What you should do. Look through the listing for the word "Convertible". Copy each line that has it.
◇ ◇ ◇
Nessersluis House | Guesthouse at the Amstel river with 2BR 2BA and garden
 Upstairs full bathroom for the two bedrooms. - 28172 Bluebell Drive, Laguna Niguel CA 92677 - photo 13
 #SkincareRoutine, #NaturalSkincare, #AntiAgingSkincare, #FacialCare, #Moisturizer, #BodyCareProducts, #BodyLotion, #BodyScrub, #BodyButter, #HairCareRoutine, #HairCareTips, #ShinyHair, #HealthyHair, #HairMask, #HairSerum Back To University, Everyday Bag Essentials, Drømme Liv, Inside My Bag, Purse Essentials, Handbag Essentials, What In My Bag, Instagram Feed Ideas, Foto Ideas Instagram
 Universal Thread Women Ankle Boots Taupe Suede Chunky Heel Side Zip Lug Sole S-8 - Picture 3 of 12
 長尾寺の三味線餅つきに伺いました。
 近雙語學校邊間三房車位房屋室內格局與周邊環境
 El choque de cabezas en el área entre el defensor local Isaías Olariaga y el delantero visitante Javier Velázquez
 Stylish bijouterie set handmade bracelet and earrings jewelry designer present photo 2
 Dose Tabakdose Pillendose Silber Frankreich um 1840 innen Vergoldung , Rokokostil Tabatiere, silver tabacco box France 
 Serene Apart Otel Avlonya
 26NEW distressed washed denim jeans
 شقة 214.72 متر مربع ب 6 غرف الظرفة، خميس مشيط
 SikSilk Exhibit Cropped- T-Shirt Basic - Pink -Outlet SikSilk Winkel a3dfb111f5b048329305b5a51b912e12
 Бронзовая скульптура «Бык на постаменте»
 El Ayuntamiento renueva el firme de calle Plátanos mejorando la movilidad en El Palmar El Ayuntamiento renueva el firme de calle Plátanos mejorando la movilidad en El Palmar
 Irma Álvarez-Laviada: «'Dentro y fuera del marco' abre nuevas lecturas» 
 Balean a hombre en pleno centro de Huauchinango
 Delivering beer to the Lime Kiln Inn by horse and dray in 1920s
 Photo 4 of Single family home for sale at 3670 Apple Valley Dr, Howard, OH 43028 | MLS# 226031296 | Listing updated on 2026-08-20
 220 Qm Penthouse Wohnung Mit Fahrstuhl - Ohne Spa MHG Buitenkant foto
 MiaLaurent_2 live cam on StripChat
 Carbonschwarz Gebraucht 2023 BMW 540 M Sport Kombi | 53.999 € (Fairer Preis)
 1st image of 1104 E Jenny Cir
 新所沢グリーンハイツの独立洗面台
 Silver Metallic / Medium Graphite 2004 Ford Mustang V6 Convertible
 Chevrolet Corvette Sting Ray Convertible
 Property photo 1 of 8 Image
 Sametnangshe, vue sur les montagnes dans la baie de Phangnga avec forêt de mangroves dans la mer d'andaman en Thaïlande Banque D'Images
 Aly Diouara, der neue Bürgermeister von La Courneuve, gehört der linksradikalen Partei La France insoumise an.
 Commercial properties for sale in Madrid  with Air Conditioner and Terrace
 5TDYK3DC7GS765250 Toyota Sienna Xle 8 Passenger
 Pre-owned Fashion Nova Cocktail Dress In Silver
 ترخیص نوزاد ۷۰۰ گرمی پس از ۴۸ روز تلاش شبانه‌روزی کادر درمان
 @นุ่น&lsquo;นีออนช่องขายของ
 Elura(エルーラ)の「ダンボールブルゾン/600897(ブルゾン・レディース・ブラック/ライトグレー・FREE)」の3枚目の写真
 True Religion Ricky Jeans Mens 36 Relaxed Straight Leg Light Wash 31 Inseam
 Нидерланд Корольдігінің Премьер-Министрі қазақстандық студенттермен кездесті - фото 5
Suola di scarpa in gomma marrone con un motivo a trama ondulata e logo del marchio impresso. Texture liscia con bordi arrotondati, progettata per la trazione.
◇ ◇ ◇
Answer box.
 Silver Metallic / Medium Graphite 2004 Ford Mustang V6 Convertible
 Chevrolet Corvette Sting Ray Convertible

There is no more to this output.